Strategy needs both, but it also needs an approach to link the two together. That’s where the 'Basic rule of strategy' from Dixit and Nailbuff comes in: “Look ahead and reason back”. It’s about anticipating where your initial actions will lead, and then using data to make the best decisions to get you there.
This concept is captured brilliantly by John Braddock in the Spy’s guide to strategy, which builds on the concept that strategy is a mix of imagination, reasoning, and action.
However, imagination is not a guarantee of success, even when you include reasoned action. This is why I add a fourth to the mix, that of ‘Learning’. We operate in a complex and uncertain environment, so it's important we get empirical feedback to assess whether our strategy is working; and if it isn’t, what do we need to do about it?
These four steps break down as follows:
Step1: Imagine forward
The first step is an act of imagination. Establishing the vision and objectives of a desired future state, that will inspire and define the challenge ahead.
Fig 1: Step 1 'Imagining'
Don’t get fixated on that desired future state though, or you will get trapped in what Gabrielle Oettingen calls a ‘positive fantasy’. Her research has shown that imagining the desired future triggers the sort of relaxation that would normally accompany its actual achievement. The hard part is not defining a future state, it’s working out how you could get there, then having the discipline to start to move toward it. This is where the next steps come in.
Step 2: Reason backward
To strive for a ‘Future’, you need to understand the ‘Now’ and create an overall cohesive approach. Switch to using logic to draw conclusions based on facts and assumptions. How might you make steps toward that desired future? This involves what is called a ‘dual strategy model of reasoning’, using counterexamples (mental models of what could happen) and statistical probabilities (what is the likelihood of that occurring).
Fig 2: Step 2 'Reasoning'
Using that approach to reasoning, I break this step down into two main areas:
1. Understanding the Now state
What is happening right now? What is the current condition?
Why might those things be happening? Why are things the way they are?
2. Understanding how we might get from the Now to the Future state
How will you measure progress?
What obstacles lie in the way? What options are there?
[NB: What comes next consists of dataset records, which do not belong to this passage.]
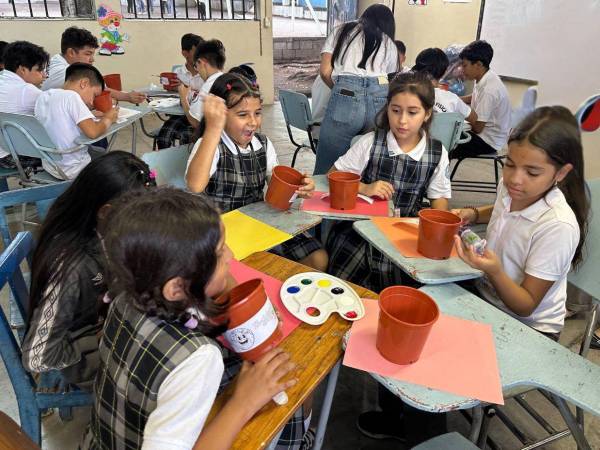 Los integrantes de los Comités Ambientales concluyen la Semana 7 del proyecto entre mucha diversión y creatividad.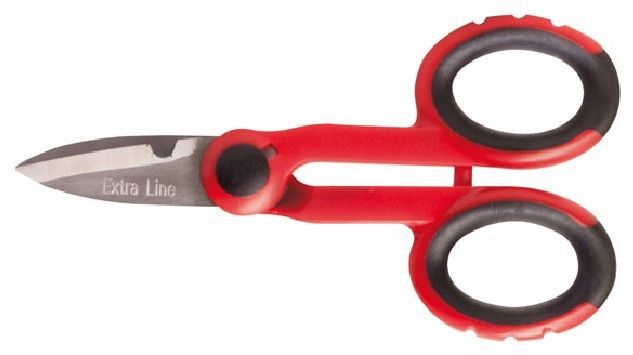 FORBICE X ELETTRICISTA PUNTE DRITTE [FU0589]
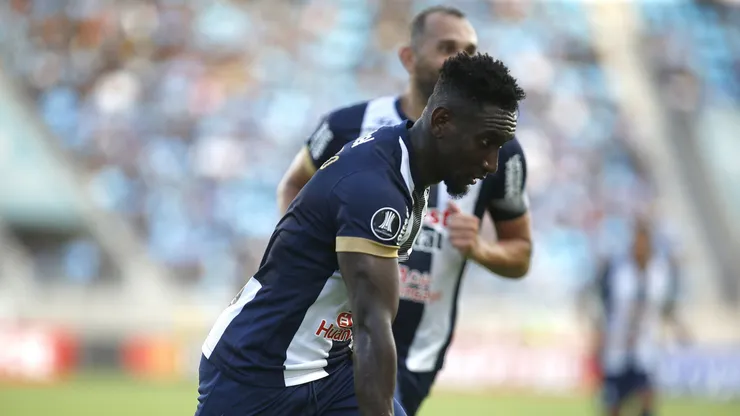Eryc Castillo, figura de Alianza Lima.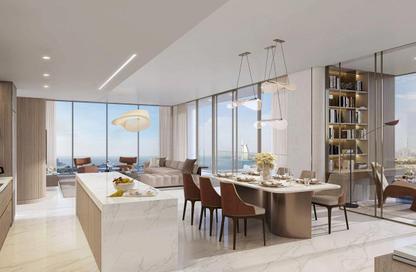 Apartment - 1 Bedroom - 2 Bathrooms for sale in Palm Beach Towers 2 - Palm Beach Towers - Palm Jumeirah - Dubai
What assumptions do you have, what is their risk and what evidence do you have for them?
What could you do next? What is feasible?
Remember you have still not achieved anything yet! You will now need to take action, through focusing effort and energy to make steps toward that desired future state.
Step 3: Take Action
Now shift to action, get tactical and actually build and do something. It’s all about turning those reasoned decisions into a small set of coherent actions that will actively move you closer toward your desired future state.
Fig 3: Step 3 'Action'
These 3 steps by themself are not enough though, as a strategy is not a predictable plan. There is a need to learn and adjust as we take action and gain feedback. This brings much needed agility to our strategy, this is why I add a fourth step to this model.
Step 4: Learn from Feedback
In a complex and uncertain environment, we need to get feedback from the actions we undertake to establish if we are making progress toward the desired future. To enable that, I add this fourth step that creates a Build-Measure-Learn empirical feedback loop. The ‘Build’ Action step feeds back into the ‘Measure’ and ‘Learn’ of the ‘Reason’ step, which helps encourage a data led, experimental mindset to strategy.
Fig 4: Step 4 'Learning'
Strategy is about mixing Imagination, Reasoning, Action and Learning into a cohesive whole. Strategy needs all these things to be successful, specifically reasoned action with regular feedback learning loops, all within the context of a clear purpose. To paraphrase a Morris Chang quote - ‘Without purpose, action is aimless. Without action, purpose is useless’; and without feedback and learning you will never know if your action is ever achieving its purpose.